La prime de précarité — officiellement indemnité de fin de contrat — est versée au salarié à l'expiration d'un CDD non suivi d'un CDI chez le même employeur. Son montant est de 10% de la rémunération brute totale perçue pendant le contrat (6% si un accord de branche le prévoit en contrepartie d'un accès à la formation).
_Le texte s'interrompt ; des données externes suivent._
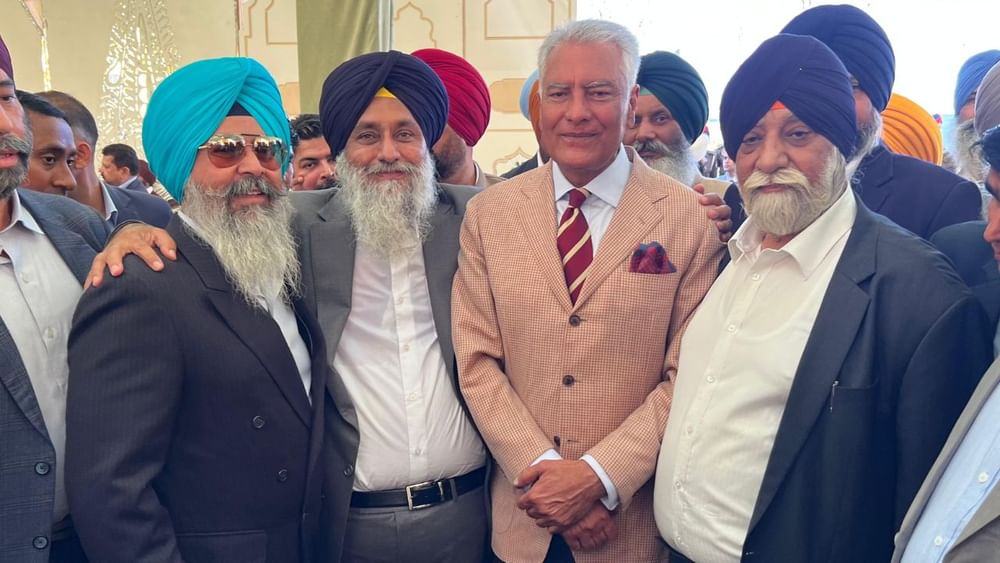ਸੁਖਬੀਰ ਸਿੰਘ ਬਾਦਲ ਨੇ ਪੰਜਾਬ ਭਾਜਪਾ ਪ੍ਰਧਾਨ ਸੁਨੀਲ ਜਾਖੜ ਅਤੇ ਤਰੁਣ ਚੁਗ ਦਾ ਨਿੱਘਾ ਸਵਾਗਤ ਕੀਤਾ। ਇਸ ਤੋਂ ਪਹਿਲਾਂ ਵਿਆਹ ਦੇ ਮੌਕੇ 'ਤੇ ਕੇਂਦਰੀ ਮੰਤਰੀ ਨਿਤਿਨ ਗਡਕਰੀ, ਪਿਊਸ਼ ਗੋਇਲ ਸਮੇਤ ਭਾਜਪਾ ਦੇ ਕਈ ਵੱਡੇ ਚਿਹਰੇ ਪ੍ਰੋਗਰਾਮ ਵਿੱਚ ਸ਼ਾਮਲ ਹੋਏ ਸਨ।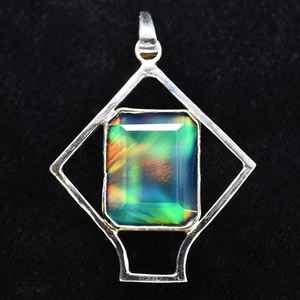 Colgante de Ópalo Natural Certificado por IGI, 32.10 Ct, Corte Esmeralda Multicolor, Plata de Ley 925, Regalo de Joyería para Ella y para Niños - Product Image 3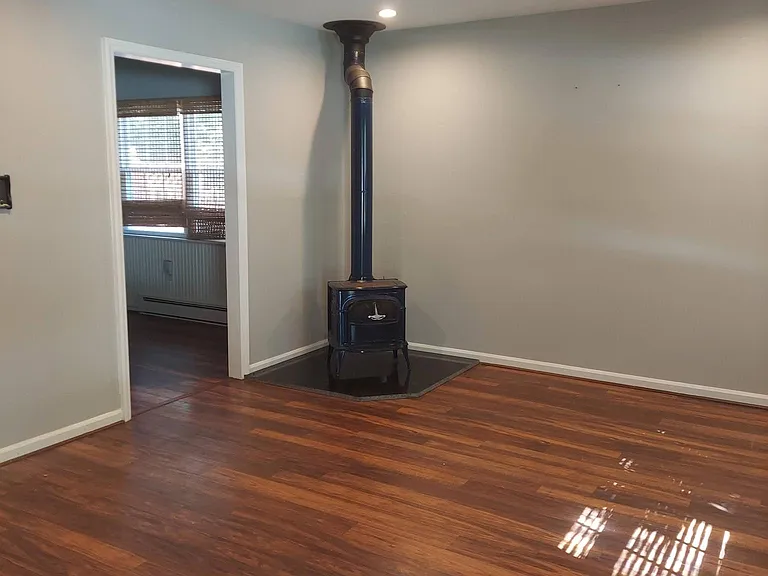 44 Tipperary Dr — Photo 1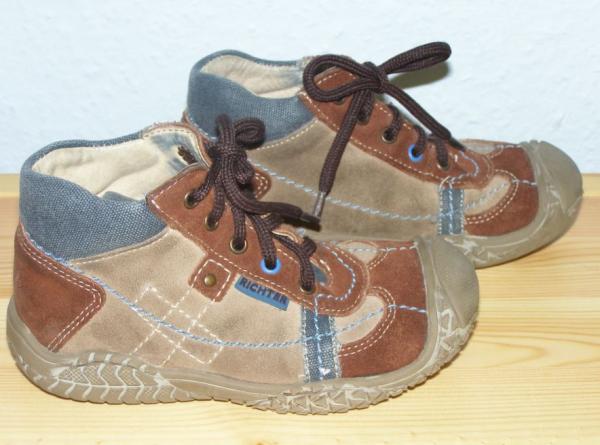 Bild zu 2 Paar Halbschuhe für Jungs Gr.25 abzugeben (Richter + Der kleine Muck) !!! - Sparforum - Forum rund ums Sparen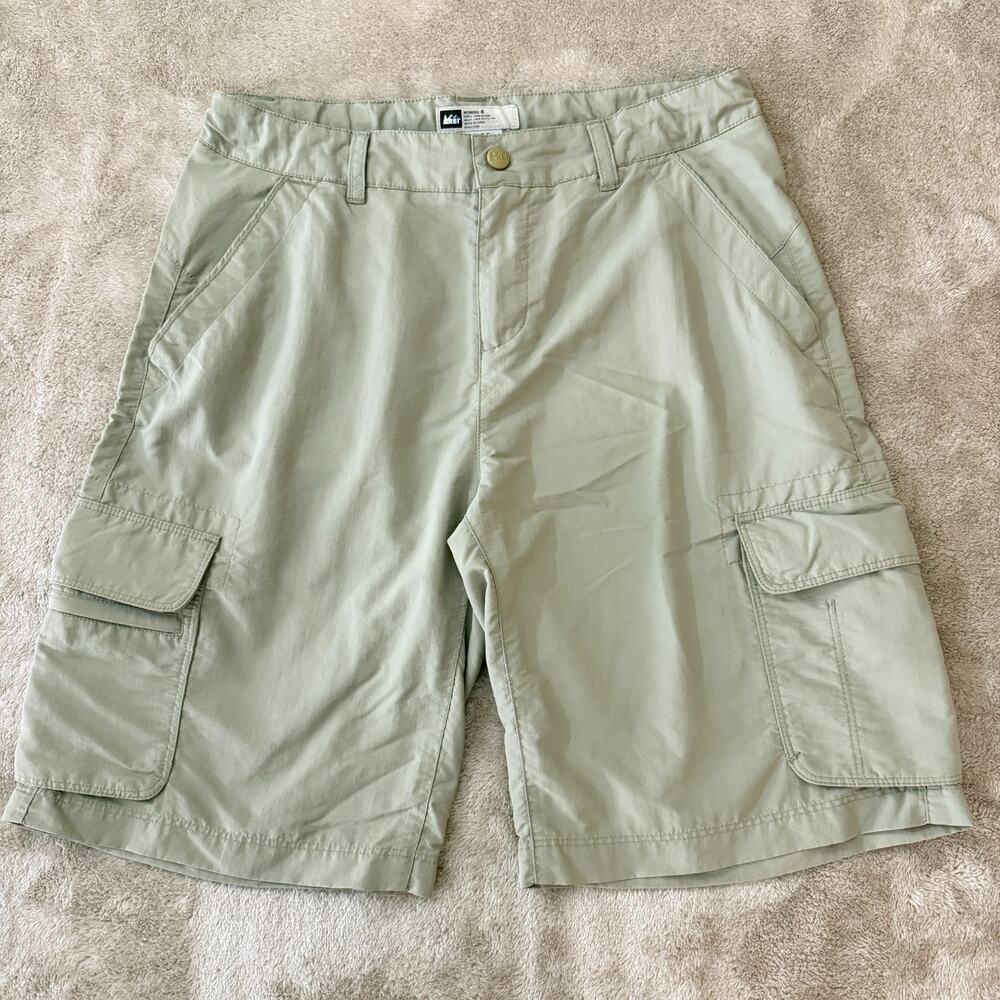 REI Co-op Women Sahara Cargo Shorts 4 Lt Khaki Nylon Hiking Gorpcore Outdoors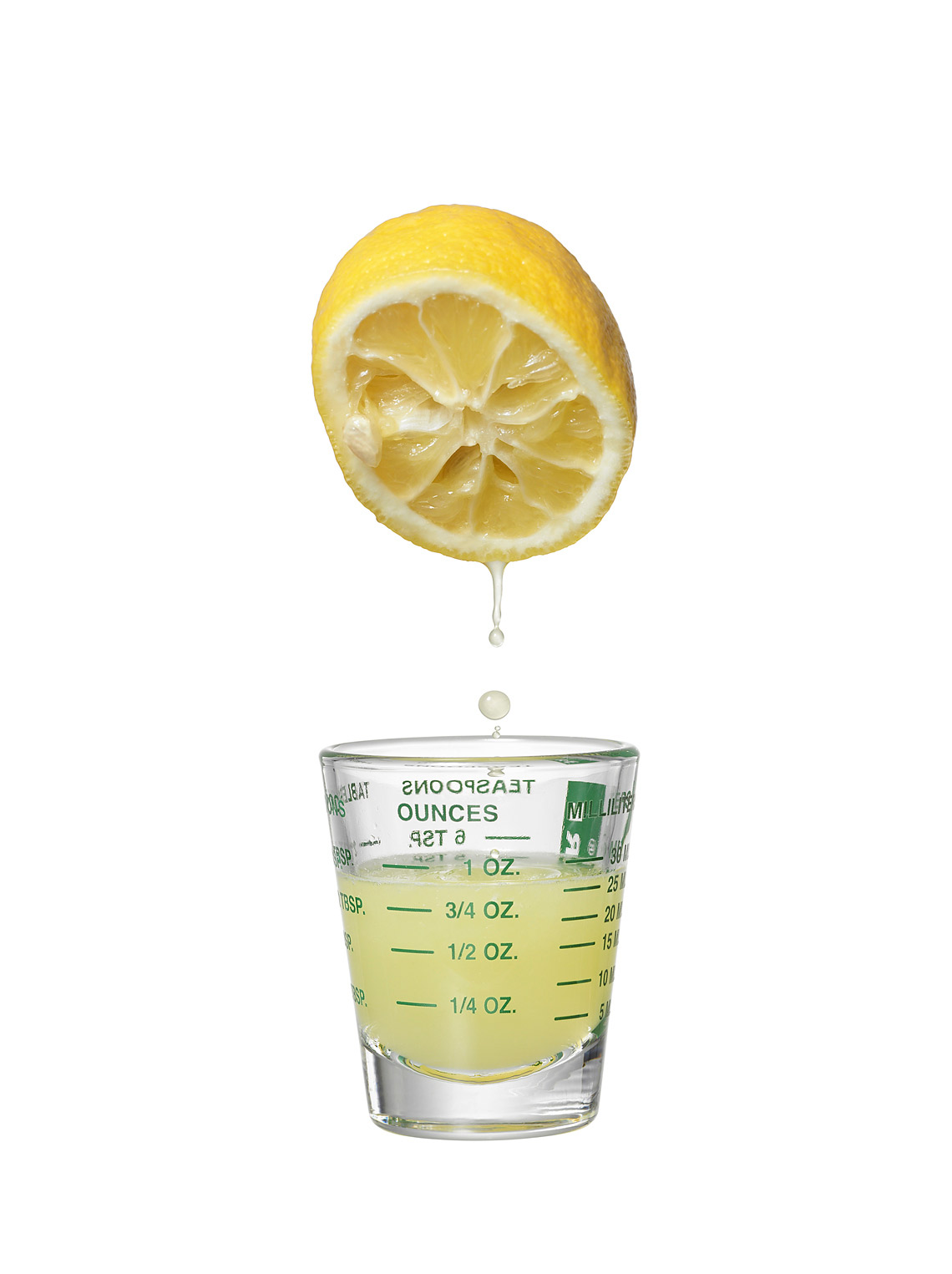 Glasshouse Assignment - Kang Kim - Food Photography - Lemon Juice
Elle est versée avec le dernier salaire et figure sur le solde de tout compte.
Calcul de la prime de précarité
| Durée du CDD | Salaire brut mensuel | Rémunération brute totale | Prime de précarité (10%) |
|---|---|---|---|
| 3 mois | 2 000 € | 6 000 € | 600 € |
| 6 mois | 2 500 € | 15 000 € | 1 500 € |
| 12 mois | 3 000 € | 36 000 € | 3 600 € |
| 18 mois | 3 500 € | 63 000 € | 6 300 € |
Les exceptions à la prime de précarité
- Le CDD est suivi d'un CDI chez le même employeur (pas de prime due)
- Rupture anticipée du CDD à l'initiative du salarié ou pour faute grave
- Contrats saisonniers et contrats d'usage (secteurs listés par décret)
- CDD conclus dans le cadre de la politique de l'emploi (CUI-CAE, emplois d'avenir)
- CDD conclus avec des jeunes pendant les vacances scolaires ou universitaires
- Refus par le salarié d'un CDI proposé pour le même emploi ou un emploi similaire
La prime de précarité est soumise aux cotisations sociales et à l'impôt sur le revenu. Elle entre dans le calcul du salaire de référence pour l'ARE (allocation chômage). Si votre employeur « oublie » de la verser, réclamez-la par écrit — la prescription est de 3 ans. La prime s'applique aussi aux renouvellements de CDD : le calcul porte sur la totalité de la rémunération perçue, renouvellements inclus.